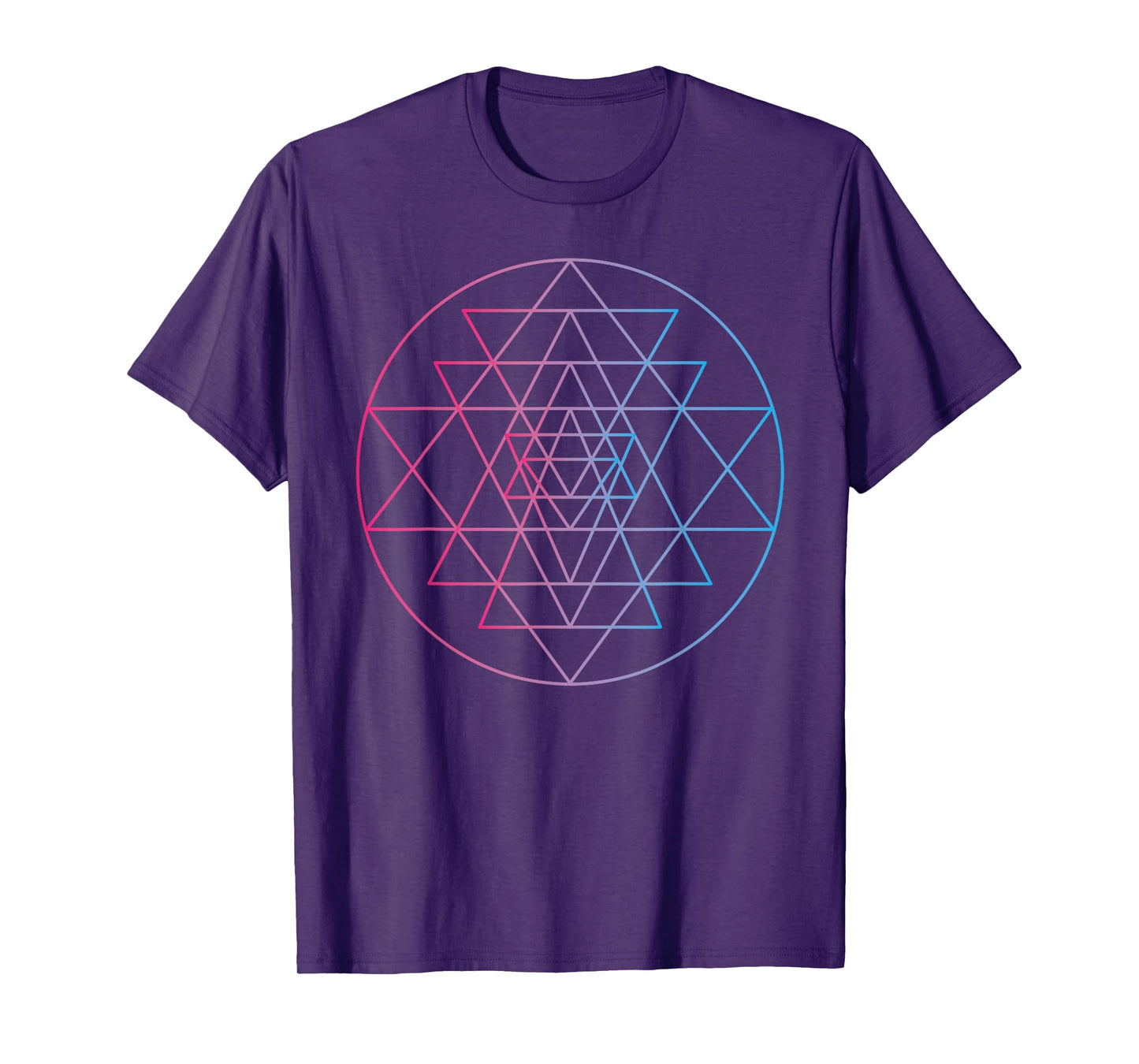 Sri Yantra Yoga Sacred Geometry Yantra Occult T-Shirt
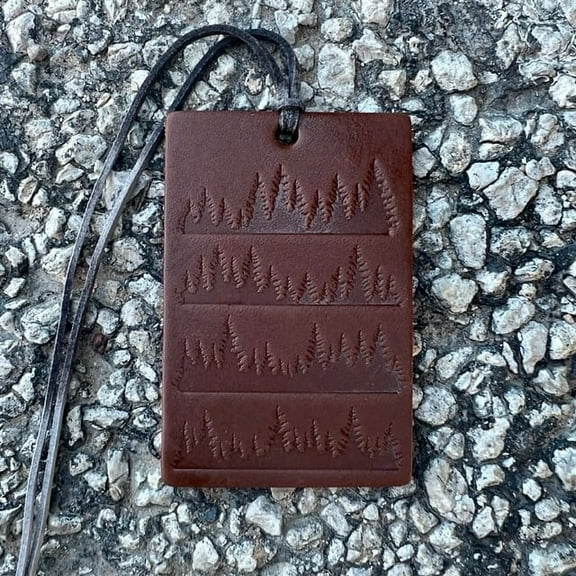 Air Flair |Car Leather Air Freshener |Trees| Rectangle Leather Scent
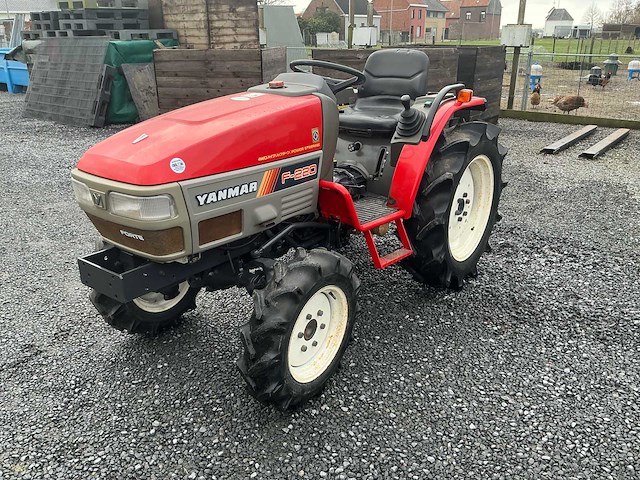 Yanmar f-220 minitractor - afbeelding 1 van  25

__TRY IT__:
Locate "Air Flair |Car" in the listing above, then print exactly the lines from that line through the final one, omitting all pictures.

__YOUR RESPONSE__:
 Air Flair |Car Leather Air Freshener |Trees| Rectangle Leather Scent
 Yanmar f-220 minitractor - afbeelding 1 van  25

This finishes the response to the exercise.